■ ABOUT THIS EXERCISE
Each line of the material should be output exactly as shown.
......
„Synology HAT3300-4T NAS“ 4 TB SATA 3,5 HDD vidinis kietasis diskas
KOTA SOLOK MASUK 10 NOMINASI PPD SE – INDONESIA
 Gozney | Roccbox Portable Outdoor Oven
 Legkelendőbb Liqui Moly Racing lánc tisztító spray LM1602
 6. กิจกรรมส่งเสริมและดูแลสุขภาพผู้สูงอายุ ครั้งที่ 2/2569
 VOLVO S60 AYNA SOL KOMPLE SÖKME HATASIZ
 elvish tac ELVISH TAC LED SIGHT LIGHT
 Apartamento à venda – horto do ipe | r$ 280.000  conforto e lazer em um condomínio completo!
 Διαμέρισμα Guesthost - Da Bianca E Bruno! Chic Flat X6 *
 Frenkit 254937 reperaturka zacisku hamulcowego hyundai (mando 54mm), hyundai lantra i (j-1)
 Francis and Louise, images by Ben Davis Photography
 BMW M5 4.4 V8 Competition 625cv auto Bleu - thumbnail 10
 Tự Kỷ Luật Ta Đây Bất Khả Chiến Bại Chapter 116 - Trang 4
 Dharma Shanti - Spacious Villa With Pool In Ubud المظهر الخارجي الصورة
......
■ EXERCISE OUTPUT
„Synology HAT3300-4T NAS“ 4 TB SATA 3,5 HDD vidinis kietasis diskas
KOTA SOLOK MASUK 10 NOMINASI PPD SE – INDONESIA
 Gozney | Roccbox Portable Outdoor Oven
 Legkelendőbb Liqui Moly Racing lánc tisztító spray LM1602
 6. กิจกรรมส่งเสริมและดูแลสุขภาพผู้สูงอายุ ครั้งที่ 2/2569
 VOLVO S60 AYNA SOL KOMPLE SÖKME HATASIZ
 elvish tac ELVISH TAC LED SIGHT LIGHT
 Apartamento à venda – horto do ipe | r$ 280.000  conforto e lazer em um condomínio completo!
 Διαμέρισμα Guesthost - Da Bianca E Bruno! Chic Flat X6 *
 Frenkit 254937 reperaturka zacisku hamulcowego hyundai (mando 54mm), hyundai lantra i (j-1)
 Francis and Louise, images by Ben Davis Photography
 BMW M5 4.4 V8 Competition 625cv auto Bleu - thumbnail 10
 Tự Kỷ Luật Ta Đây Bất Khả Chiến Bại Chapter 116 - Trang 4
 Dharma Shanti - Spacious Villa With Pool In Ubud المظهر الخارجي الصورة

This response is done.